August 07, 2014 12:25 am | Updated November 27, 2021 06:56 pm IST

Estimates, by their very nature, are approximations and cannot claim any substantial level of accuracy. When it comes to the parallel or black economy, it is extremely difficult to provide even an estimate that is reliable — which is not surprising considering that cash transactions do not always leave a trail. There are several estimates of the black economy and the amount of unaccounted money stashed abroad. While many of them are believable, from a policy-making perspective it is important that the process and methodology of estimation are robust and credible. Therefore, when an agency such as the National Institute of Public Finance and Policy comes up with a report that pins the size of the parallel economy at 75 per cent of the GDP, we need to take serious notice. Bringing even a part of this into the system can work wonders for public finances. The NIPFP study has identified four major founts of black money. Three of them — property transactions, mining business and private education — choose themselves straightaway; the first two have traditionally been the base of the parallel economy, while the third is a recent addition after private university education took off. It is the fourth one — diversion from government subsidy schemes — which is the surprise package in the NIPFP report.

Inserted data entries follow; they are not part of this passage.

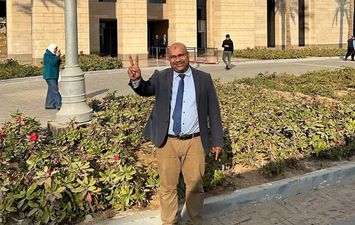 الدكتور عامر حسن رئيس رابطه التعليم المفتوح 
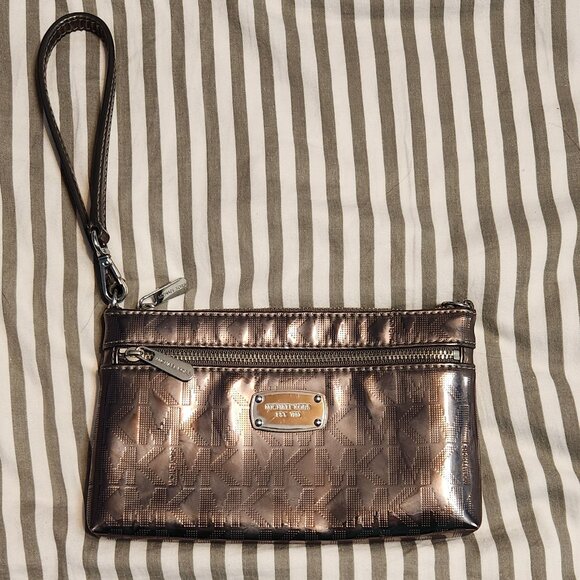 Pewter Michael Kors Wristlet - Picture 1 of 10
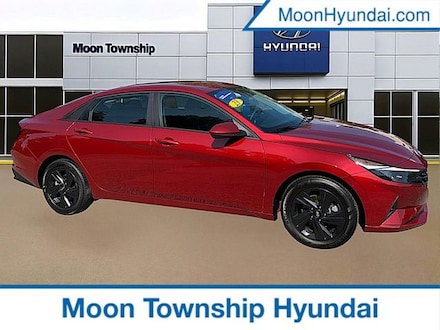 2023 Hyundai Elantra SEL Sedan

Diversion of subsidised kerosene to the open market is estimated to have generated as much as Rs.11,910 crore, which is half the kerosene subsidy provided last year. It is highly probable that there are similar leakages with other subsidies and social welfare schemes. The biggest source, though, remains real estate transactions, the unaccounted money from which is estimated to be as big as the Plan expenditure of the government. Though under-reporting has decreased after steps such as making income tax PAN mandatory for property deals, the fact is that cash transactions still reign supreme. The only way to plug this is by revising guideline values at frequent, regular intervals to reflect market prices. Guideline values are considerably lower than prevailing market prices, which encourages registrations at lower prices. The mining industry generates cash through under-invoicing of sales, under-reporting output, and inflating expenses. Checking this should not be difficult, but what is required is the will to do so. Taking a larger view, the government needs to review its taxation policies and tighten systems and processes. If the infrequent updating of guideline values and leakage of subsidies are failures of processes, the malpractices in the mining sector constitute a failure of governance. At some stage in the future, the government, through reform of its tax regime, will also have to encourage people and businesses to report their incomes truthfully.